Another instance where the real and formal heads of state locked horns was in the case of State of Gujarat vs. Justice R.A. Mehta, (2013) 3 SCC 1, which concerned the challenge to the appointment of the Lokayukta by the Governor. The Supreme Court held that the Governor is synonymous with the State Government, and can take an independent decision upon his/her own discretion only when he/she acts as a statutory authority under a particular Act, or under the exceptions provided in the Constitution itself. Thus, the SC clarified the exceptional circumstances wherein the Governor could act independently.

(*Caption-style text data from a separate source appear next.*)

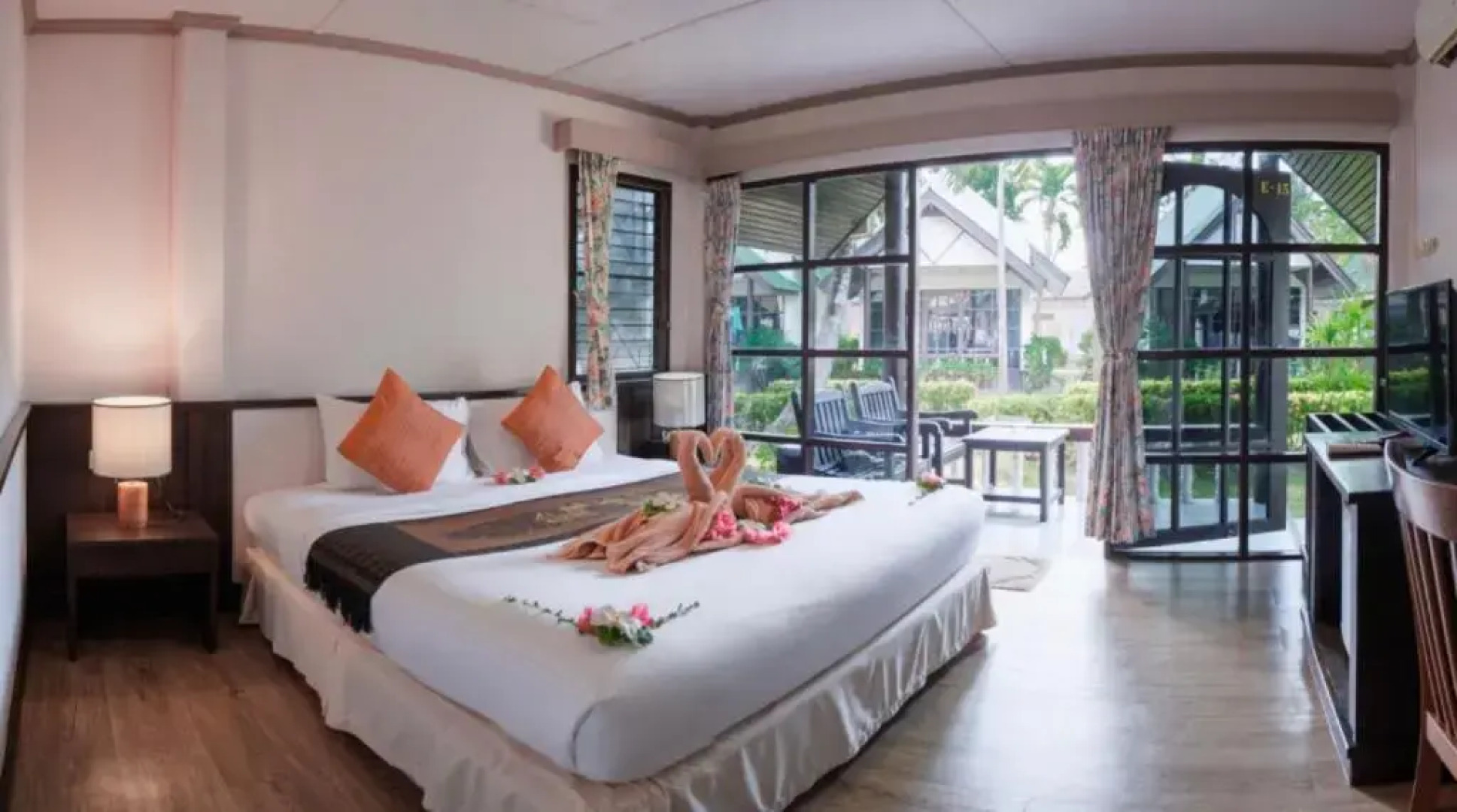 Отель Southern Lanta Resort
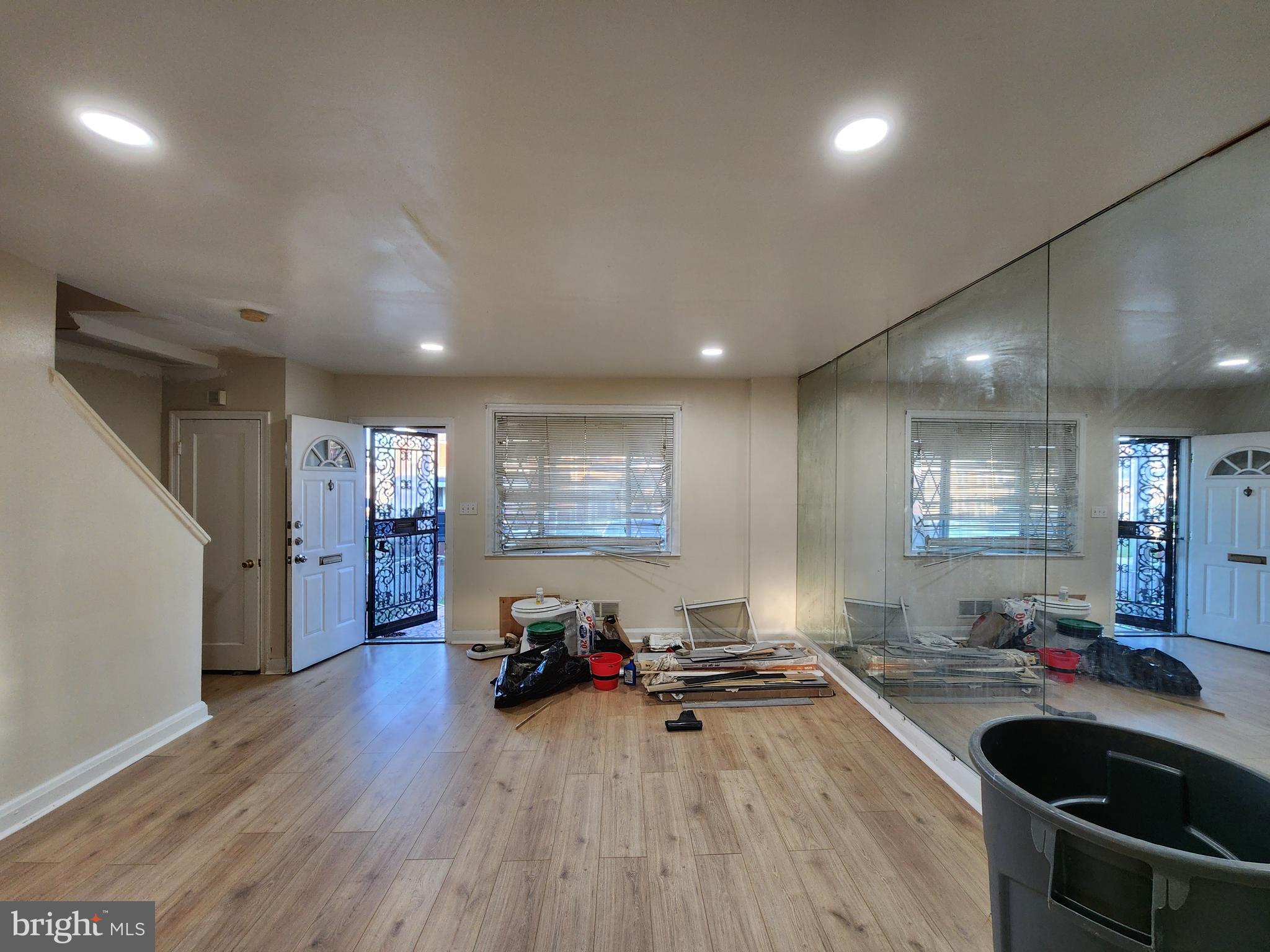 WOODMERE - Residential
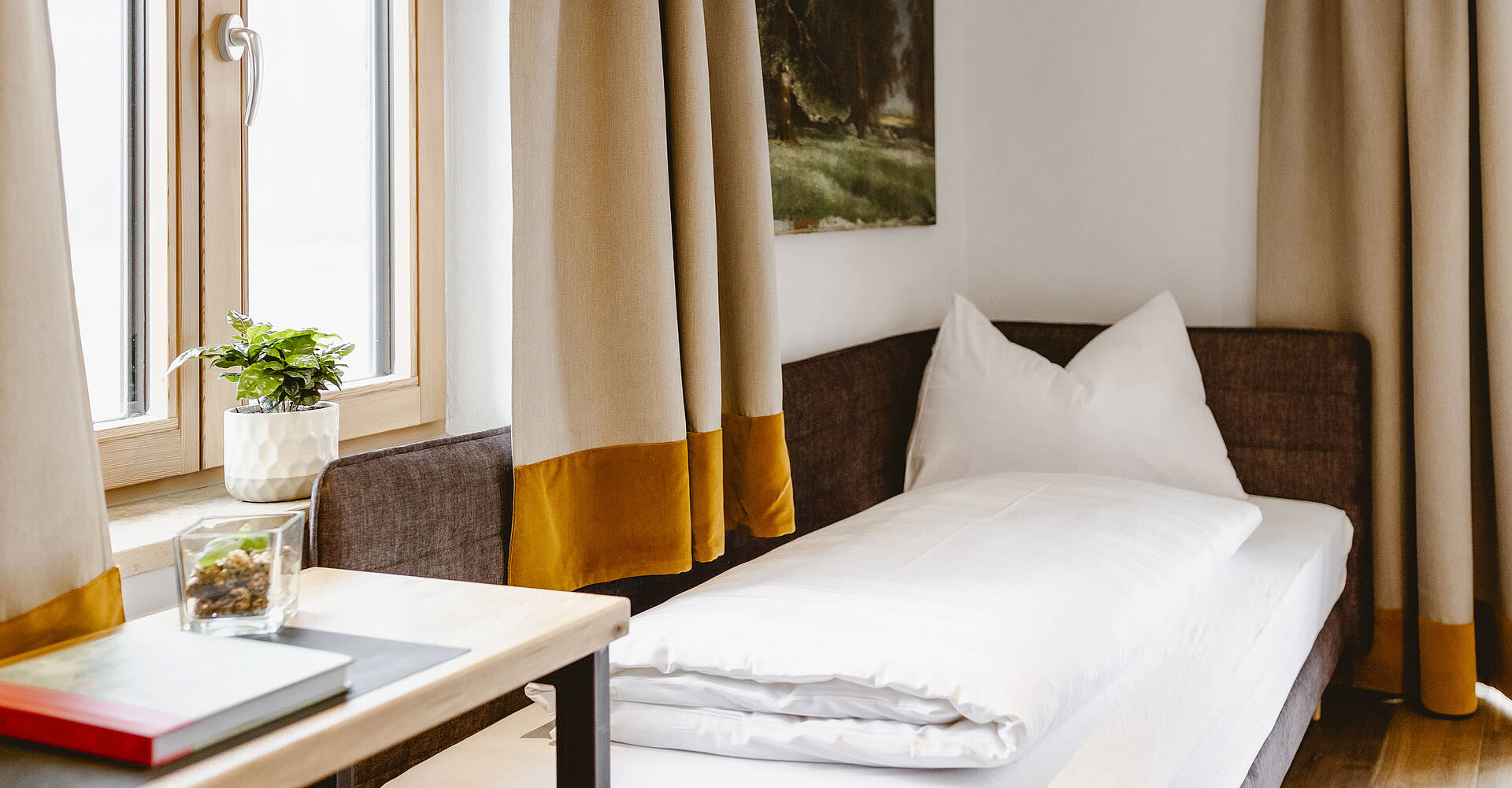 Modernes Doppelzimmer in der Berau am Wolfgangsee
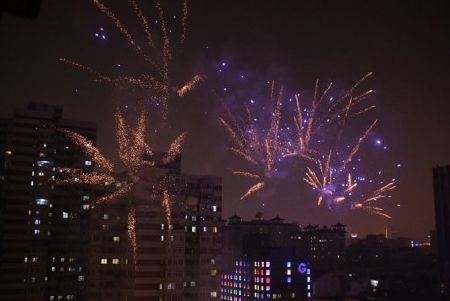 Người Trung Quốc tin rằng pháo hoa giúp xua đuổi ma quỷ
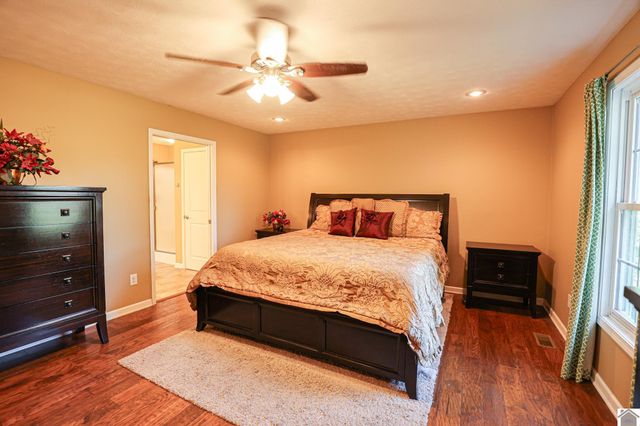 3943 Symsonia Hwy, Benton, KY 42025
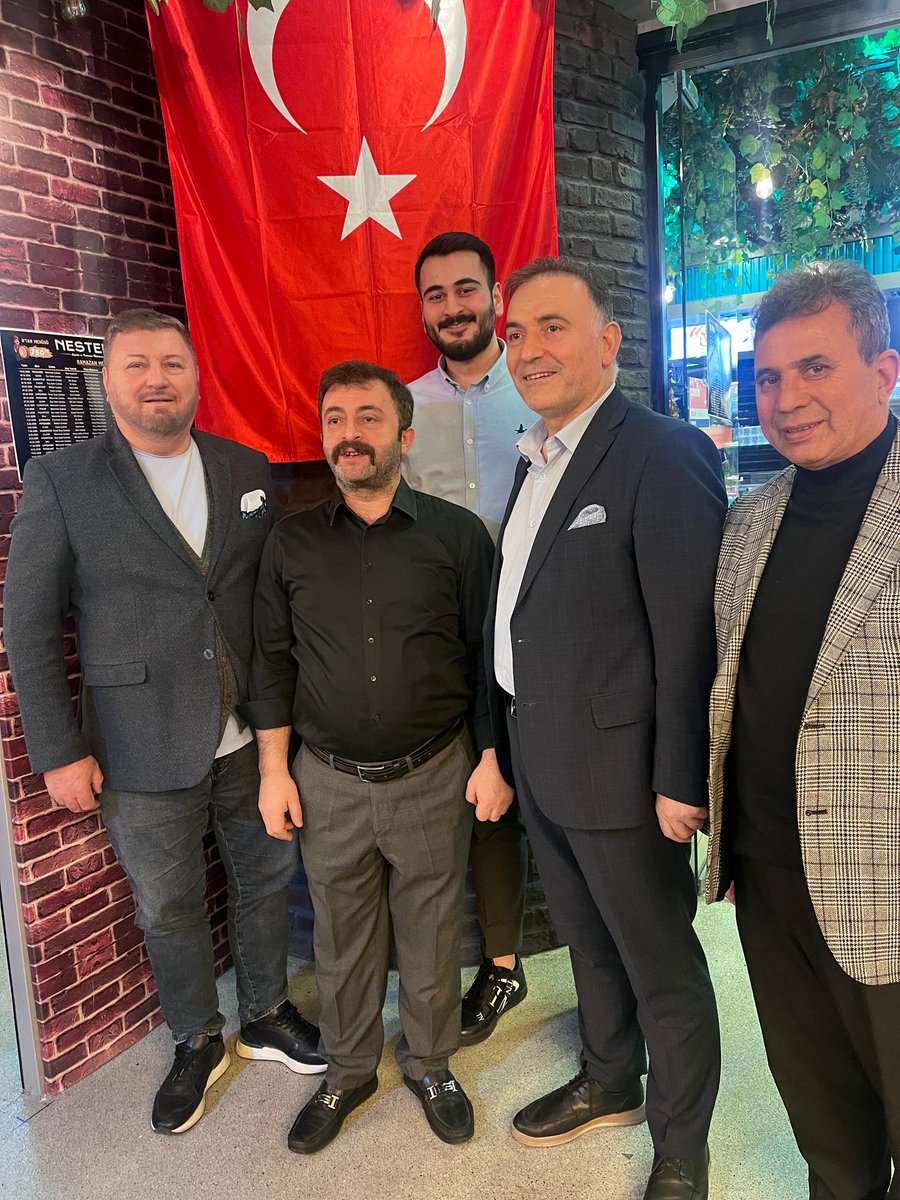 AK Parti Ataşehir İlçe Teşkilatımızın düzenlediği Vefa Iftarında  geçmişten bugüne bu kutlu davaya emek veren kıymetli yol arkadaşlarımızla bir araya geldik.
Rabbim  birlik ve beraberliğimizi bozmazsın. 
<a href="/bbismailerdem/">İsmail Erdem</a>
<a href="/burakcifci34/">Burak ÇİFCİ</a>
<a href="/akpartiistanbul/">AK Parti İstanbul</a> 
#BirOlmakRuhumuzdaVar 🌙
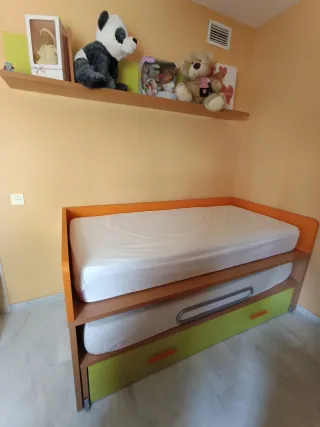 Dormitorio juvenil multicolor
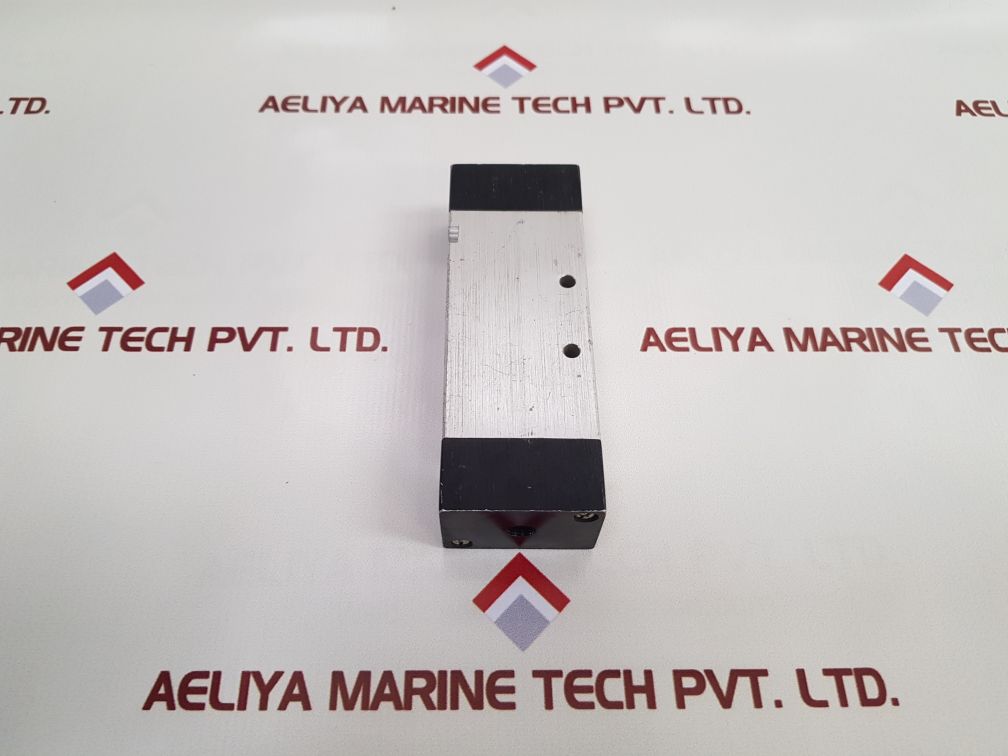 Sns Pneumatic 4A410-15 Solenoid Valve
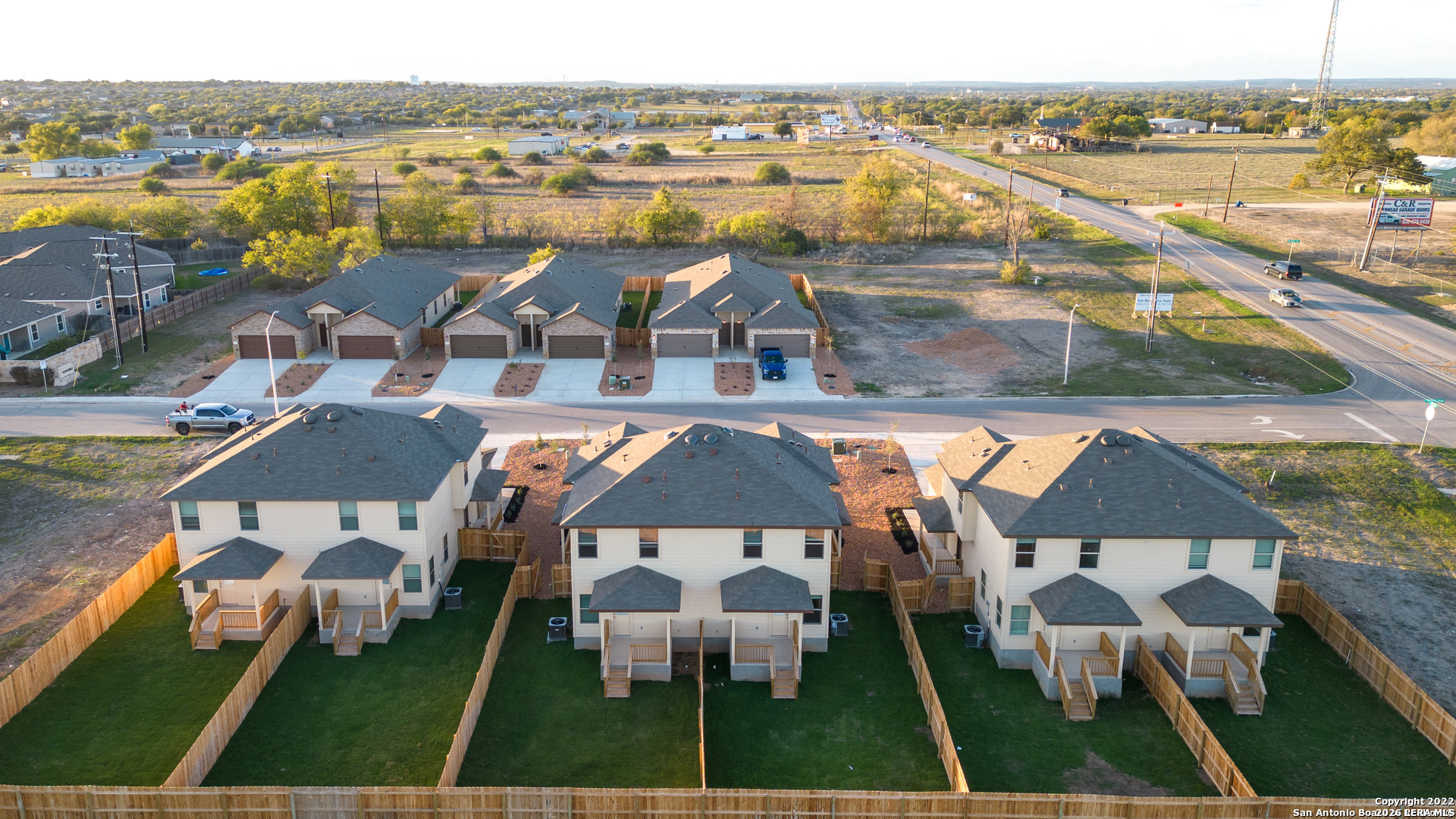 main property photo 28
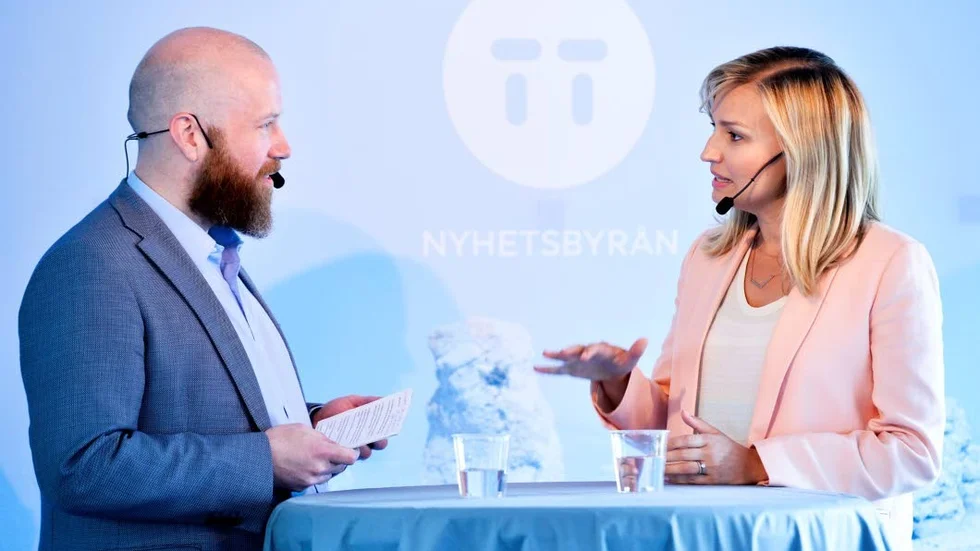 Nyheter. Kd:s ordförande Ebba Busch Thor Intervjuas av TT:s Daniel Alsén i Almedalen.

It is of import that even in specific circumstances where the Governor has been empowered with such form of a discretionary power, there are substantial restrictions. For example, the power to withhold assent to Bills under Article 200 is limited to the extent that if the same is presented to the Governor for a second time, the Governor lacks the authority to withhold his assent for the second time. Similarly, the powers to reserve a Bill for the consideration of the President and promulgate Ordinances under Article 213 have also sought to be restricted by several committees in the past such as the Rajamannar Committee. Even then, it bodes well to recall that such discretionary actions may still attract judicial review if the same are found to be mala fide or arbitrary.
The Constitutional Debates surrounding these provisions have made the intention and inclination of the framers of the Constitution unquestionably clear: The Governor is perceptibly empowered, but remains a titular head who must act within the canopy of the state cabinet's recommendations. If he disagrees with the cabinet's mandate, it must be under the recognized exceptions, absent which he risks infringing the Constitution.
The logical consequence of a conjoint reading of Articles 163 and 171 of the Constitution, and the various decisions of the Supreme Court which repeatedly establish the Governor's limited discretionary power under these provisions, makes it evident that Koshyari's act of delaying the acceptance of the cabinet recommendation toyed with what the Constitution would consider appropriate. The time may be nigh for the guardians of the Constitution to consider whether an indefinite deferral of a decision is tantamount to exercising discretion where none exists. Recommendations of the state cabinet ought to be accompanied by a ticking clock, lest the functioning of a state empowered by the Constitution be held at ransom to the whims of a Governor with vested political interests. One can only hope that the reverence for democratic institutions and the inexhaustible veneration for constitutional values that guided our forefathers may prevail upon us.